MIT beat out 12 other firms who had qualified in a three-stage process that began in 2014. The government qualified bidders last year and released a final request for proposals this June. Bidders were to identify key personnel for the project, including a choice of three potential “lead designers” from separate architectural firms. Their responses have not been made public by the government, citing procurement confidentiality laws.
“The next step of the process will be the joint selection of the design team by the federal government and the exchange partner for the new federal facility,” said Patrick Sclafani, spokesman for the GSA.

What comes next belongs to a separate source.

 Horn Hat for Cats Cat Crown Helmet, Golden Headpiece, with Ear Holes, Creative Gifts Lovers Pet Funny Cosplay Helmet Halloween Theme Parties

It remains unclear what the future Volpe parcel will actually look like. The city has been waiting for the government to select a partner before finalizing zoning for the area. The Planning Board had recommended a zoning package last fall, but the City Council felt there was too much uncertainty in what the government would need for it to agree on zoning, so it shelved the process.
City officials recently appointed a Volpe Working Group to provide an “urban design framework” to the site developer – now MIT – and to inform the city’s zoning for the area. That group had its introductory meeting Oct. 20, but has been waiting for the federal process to move forward.
Peter Crawley, president of the East Cambridge Planning team and a member of the working group, said the institute was “an excellent choice, given the pool of applicants. I think MIT has the longest timeframe view … universities typically have 50- to 100-year timeframes that they plan along. In terms of building something with lasting value, I think they’re the top choice.”
Iram Farooq, Cambridge’s assistant city manager for planning, agreed: “I think having an entity like MIT be the selected is actually positive, because they are very rooted in Cambridge. Having somebody with that level of commitment is a good thing for a project.”
“It also is important that what happens on the Volpe site has a lot of impact on MIT’s campus, and so they have an investment in it, not just from a financial perspective, but from wanting a positive outcome long-term on the site, because it abuts their campus,” Farooq said.
MIT spokeswoman Kimberly Allen was unable to address the details of the proposal, including whether it would be exclusively commercial or might contain academic uses; who the proposed three design firms are; how it might interplay with MIT’s existing real estate projects in the area; or how many decades it might take to fully develop the parcel.
But MIT Executive Vice President Israel Ruiz said in a statement that the institute was “delighted” to be chosen. “We look forward to working with the federal government, the City of Cambridge, our Kendall Square neighbors and the MIT community as this process advances,” Ruiz said.
The selection comes as the institute is neck-deep in a permitting for a major development to build 1.5 million square feet across six buildings along Main Street in Kendall Square – one graduate dormitory, one residential building next to One Broadway, three commercial lab or office buildings and one small retail building. The overall project plan for those buildings has been approved by the Planning Board, although it has yet to review individual buildings.
As the selectee, MIT will construct an approximately 400,000-square-foot building to house the Volpe Center, which does transportation research. In exchange, it gets to develop the remainder of the Volpe Parcel at 55 Broadway, which is bounded by Broadway, Third and Binney streets and the 6th Street walkway (excluding the Third Square apartments at 303 Third St.).
According to the GSA’s bid documents, the award was based on three non-price factors and one price factor. The non-price factors were: development, construction and design qualifications; technical approach; and financial qualifications and plan. Details of the price factor have been omitted from public documents, but it appears to reflect the estimated cost of designing and delivering Volpe’s new building, plus a “value equalization amount” that bidders may choose to pay.